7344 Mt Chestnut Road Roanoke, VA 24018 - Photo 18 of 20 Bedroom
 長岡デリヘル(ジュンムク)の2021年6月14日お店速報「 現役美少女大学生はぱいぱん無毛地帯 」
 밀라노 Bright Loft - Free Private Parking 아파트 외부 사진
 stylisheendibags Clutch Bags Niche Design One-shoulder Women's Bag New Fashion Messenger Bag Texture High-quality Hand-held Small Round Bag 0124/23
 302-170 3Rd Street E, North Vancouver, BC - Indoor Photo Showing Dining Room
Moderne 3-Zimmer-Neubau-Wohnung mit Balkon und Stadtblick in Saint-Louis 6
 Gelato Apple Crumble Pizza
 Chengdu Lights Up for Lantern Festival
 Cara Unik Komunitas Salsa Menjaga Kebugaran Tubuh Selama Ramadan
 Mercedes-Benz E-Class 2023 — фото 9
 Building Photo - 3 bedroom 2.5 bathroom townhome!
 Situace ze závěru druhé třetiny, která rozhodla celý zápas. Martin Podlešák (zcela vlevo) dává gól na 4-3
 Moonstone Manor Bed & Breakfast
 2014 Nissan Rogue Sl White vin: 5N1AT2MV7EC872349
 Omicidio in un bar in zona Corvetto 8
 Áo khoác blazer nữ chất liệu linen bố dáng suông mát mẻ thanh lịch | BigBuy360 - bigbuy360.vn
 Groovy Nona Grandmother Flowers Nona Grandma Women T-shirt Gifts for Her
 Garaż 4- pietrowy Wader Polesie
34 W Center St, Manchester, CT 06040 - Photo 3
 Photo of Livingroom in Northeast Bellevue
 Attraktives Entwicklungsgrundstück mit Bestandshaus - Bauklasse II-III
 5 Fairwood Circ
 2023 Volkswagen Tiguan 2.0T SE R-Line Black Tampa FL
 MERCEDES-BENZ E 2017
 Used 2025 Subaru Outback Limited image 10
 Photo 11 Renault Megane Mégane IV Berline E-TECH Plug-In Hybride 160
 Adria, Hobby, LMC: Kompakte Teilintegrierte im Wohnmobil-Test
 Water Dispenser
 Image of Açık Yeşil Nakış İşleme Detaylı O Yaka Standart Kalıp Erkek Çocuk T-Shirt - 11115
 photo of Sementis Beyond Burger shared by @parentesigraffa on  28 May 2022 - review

※

**TASK GOAL:** Find each line in the material above that carries the string "Women", and copy it.

**TASK RESPONSE:**
 stylisheendibags Clutch Bags Niche Design One-shoulder Women's Bag New Fashion Messenger Bag Texture High-quality Hand-held Small Round Bag 0124/23
 Groovy Nona Grandmother Flowers Nona Grandma Women T-shirt Gifts for Her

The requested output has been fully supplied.